Il avait "regretté" ces morts et offert des dédommagements aux familles en deuil, tout en redisant que les décès étaient accidentels et non liés à des "questions religieuses".
Son allocution n'a pas impressionné les résidents musulmans du Sud.
"La plupart des gens ne croient pas ce que dit le Premier ministre et rejettent ses assurances selon lesquelles les musulmans auront la sécurité et la justice", dit l'un d'entre eux interrogé dans la province de Pattani par l'AFP.
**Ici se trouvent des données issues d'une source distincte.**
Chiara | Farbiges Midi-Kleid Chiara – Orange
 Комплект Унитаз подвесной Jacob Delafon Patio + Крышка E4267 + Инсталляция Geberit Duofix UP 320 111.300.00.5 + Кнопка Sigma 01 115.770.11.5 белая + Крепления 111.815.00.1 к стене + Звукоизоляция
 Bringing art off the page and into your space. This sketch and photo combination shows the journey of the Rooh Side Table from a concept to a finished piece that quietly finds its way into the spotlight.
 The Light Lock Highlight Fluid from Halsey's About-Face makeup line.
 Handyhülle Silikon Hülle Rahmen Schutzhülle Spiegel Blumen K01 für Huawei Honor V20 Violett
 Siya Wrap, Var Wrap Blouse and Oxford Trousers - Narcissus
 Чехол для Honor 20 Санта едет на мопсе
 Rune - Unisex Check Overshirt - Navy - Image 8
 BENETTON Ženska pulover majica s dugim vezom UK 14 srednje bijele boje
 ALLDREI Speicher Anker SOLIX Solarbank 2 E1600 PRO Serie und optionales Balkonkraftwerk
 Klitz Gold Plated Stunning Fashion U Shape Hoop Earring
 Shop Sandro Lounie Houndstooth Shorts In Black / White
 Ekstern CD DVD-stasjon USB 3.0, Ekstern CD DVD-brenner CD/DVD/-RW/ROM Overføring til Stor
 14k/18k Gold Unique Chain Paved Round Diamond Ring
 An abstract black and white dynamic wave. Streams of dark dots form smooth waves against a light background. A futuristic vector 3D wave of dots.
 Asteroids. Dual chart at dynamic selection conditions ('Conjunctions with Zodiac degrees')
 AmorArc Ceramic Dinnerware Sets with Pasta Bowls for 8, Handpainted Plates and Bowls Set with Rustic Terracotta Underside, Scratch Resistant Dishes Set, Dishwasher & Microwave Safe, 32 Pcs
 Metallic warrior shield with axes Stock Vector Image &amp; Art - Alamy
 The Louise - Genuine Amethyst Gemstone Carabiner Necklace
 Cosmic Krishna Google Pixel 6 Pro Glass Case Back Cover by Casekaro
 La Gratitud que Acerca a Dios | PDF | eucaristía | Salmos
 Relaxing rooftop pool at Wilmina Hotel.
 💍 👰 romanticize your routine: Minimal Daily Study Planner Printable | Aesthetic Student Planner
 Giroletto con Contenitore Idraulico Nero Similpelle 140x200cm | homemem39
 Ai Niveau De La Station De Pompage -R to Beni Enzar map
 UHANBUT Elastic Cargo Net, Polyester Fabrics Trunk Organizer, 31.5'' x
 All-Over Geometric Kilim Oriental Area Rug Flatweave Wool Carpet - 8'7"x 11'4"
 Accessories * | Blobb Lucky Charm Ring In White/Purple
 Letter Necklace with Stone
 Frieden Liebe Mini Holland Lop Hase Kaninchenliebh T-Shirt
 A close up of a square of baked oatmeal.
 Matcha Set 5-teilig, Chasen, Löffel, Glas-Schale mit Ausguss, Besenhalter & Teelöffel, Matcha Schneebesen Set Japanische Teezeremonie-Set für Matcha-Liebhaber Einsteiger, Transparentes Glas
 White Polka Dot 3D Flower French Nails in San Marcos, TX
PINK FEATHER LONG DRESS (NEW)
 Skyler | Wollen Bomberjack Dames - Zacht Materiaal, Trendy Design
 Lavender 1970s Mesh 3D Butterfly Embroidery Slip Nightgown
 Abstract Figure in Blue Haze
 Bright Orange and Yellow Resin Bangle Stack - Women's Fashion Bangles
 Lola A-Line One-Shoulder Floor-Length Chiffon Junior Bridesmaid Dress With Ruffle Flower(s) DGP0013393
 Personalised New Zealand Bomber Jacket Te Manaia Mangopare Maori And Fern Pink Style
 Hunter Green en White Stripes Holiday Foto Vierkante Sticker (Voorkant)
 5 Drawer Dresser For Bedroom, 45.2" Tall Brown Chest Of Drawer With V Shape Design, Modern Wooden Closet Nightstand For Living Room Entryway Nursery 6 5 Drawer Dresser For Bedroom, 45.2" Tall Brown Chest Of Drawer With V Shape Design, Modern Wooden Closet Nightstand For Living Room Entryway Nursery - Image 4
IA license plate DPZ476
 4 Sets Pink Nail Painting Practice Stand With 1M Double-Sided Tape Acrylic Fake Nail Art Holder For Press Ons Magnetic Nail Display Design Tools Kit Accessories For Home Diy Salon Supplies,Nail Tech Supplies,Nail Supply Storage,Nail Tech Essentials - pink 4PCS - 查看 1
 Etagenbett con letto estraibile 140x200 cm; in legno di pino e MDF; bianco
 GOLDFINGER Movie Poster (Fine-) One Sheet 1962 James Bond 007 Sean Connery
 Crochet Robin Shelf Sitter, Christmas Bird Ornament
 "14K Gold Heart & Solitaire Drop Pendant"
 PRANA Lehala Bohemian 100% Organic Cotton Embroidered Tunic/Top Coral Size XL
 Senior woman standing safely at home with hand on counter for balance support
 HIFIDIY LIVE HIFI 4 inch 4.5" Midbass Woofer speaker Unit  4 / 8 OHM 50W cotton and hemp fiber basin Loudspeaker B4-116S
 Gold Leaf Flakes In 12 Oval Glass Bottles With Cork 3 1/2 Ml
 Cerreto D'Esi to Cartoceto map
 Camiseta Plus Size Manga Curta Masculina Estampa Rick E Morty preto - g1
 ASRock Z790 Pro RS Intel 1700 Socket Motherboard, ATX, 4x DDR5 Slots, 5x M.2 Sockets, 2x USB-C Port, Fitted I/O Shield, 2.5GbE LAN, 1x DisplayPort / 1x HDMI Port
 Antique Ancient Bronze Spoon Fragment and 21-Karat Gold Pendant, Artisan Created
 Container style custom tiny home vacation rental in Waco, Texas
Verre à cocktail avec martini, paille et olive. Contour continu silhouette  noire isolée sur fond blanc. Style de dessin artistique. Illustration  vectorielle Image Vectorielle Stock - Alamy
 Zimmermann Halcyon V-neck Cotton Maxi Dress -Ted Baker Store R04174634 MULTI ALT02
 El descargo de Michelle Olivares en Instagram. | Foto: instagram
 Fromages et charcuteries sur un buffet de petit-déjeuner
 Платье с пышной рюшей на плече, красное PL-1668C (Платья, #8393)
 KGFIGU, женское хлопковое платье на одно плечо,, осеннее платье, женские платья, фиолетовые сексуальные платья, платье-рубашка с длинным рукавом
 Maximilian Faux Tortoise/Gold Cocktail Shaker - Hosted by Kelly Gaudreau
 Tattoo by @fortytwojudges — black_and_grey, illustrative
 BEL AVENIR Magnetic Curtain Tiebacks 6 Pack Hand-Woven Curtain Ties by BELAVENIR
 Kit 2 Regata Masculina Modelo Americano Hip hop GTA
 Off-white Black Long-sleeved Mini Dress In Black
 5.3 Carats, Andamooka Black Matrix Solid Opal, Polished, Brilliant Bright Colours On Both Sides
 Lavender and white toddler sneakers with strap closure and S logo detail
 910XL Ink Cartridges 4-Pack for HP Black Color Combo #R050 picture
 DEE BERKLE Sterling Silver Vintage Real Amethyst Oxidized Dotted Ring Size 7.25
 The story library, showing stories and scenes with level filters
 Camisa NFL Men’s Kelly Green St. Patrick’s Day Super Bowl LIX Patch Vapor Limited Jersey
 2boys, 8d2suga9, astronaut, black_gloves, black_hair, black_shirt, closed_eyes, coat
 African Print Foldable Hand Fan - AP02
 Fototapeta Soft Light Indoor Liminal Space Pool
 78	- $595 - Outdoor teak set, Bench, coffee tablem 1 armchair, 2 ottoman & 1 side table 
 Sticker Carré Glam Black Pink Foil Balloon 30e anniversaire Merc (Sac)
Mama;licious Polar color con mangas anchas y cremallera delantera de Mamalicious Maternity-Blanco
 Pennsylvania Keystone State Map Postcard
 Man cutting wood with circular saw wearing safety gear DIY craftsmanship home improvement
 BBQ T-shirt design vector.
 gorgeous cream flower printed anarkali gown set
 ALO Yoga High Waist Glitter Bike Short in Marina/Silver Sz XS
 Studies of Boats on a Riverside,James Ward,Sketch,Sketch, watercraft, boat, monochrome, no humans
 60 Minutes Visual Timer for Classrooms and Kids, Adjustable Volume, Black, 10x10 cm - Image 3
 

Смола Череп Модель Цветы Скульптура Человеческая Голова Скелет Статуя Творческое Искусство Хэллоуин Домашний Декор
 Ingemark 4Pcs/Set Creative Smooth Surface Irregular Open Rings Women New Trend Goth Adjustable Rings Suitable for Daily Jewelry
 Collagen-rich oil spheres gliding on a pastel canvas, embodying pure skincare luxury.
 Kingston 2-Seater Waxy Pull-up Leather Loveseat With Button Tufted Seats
Le nombre de morts était de plus en plus remis en question samedi. Un sénateur de retour du Sud, a estimé que le nombre de tués lors de la dispersion de la manifestaiton était bien supérieur aux six avoués par le gouvernement. La presse a aussi publié divers témoignages troublants allant dans ce sens, certains évoquant même une cinquantaine de morts.
L'ancien Premier ministre malaisien Mahathir Mohamad a appelé Bangkok a envisager l'autonomie pour les provinces du Sud, faisant le rapprochement entre la cause des musulmans thaïlandais et celle des Palestiniens.
"Ils ne peuvent pas avoir l'indépendance. Le mieux qu'ils puissent espérer est une région autonome", a-t-il dit dans une interview publiée vendredi par le journal en ligne Utusan.
Le grand Sud de la Thaïlande est secoué par des violences attribuées à des "rebelles" non identifiés depuis janvier qui ont fait, selon un décompte fourni par le Premier ministre, quelque 460 morts.
La violence n'a pas cessé puisque depuis jeudi soir six nouvelles personnes ont été abattues ont tués par des bombes.
La police a renforcé la sécurité à Bangkok et autour des ambassades et grands hôtels, par crainte de représailles de musulmans séparatistes.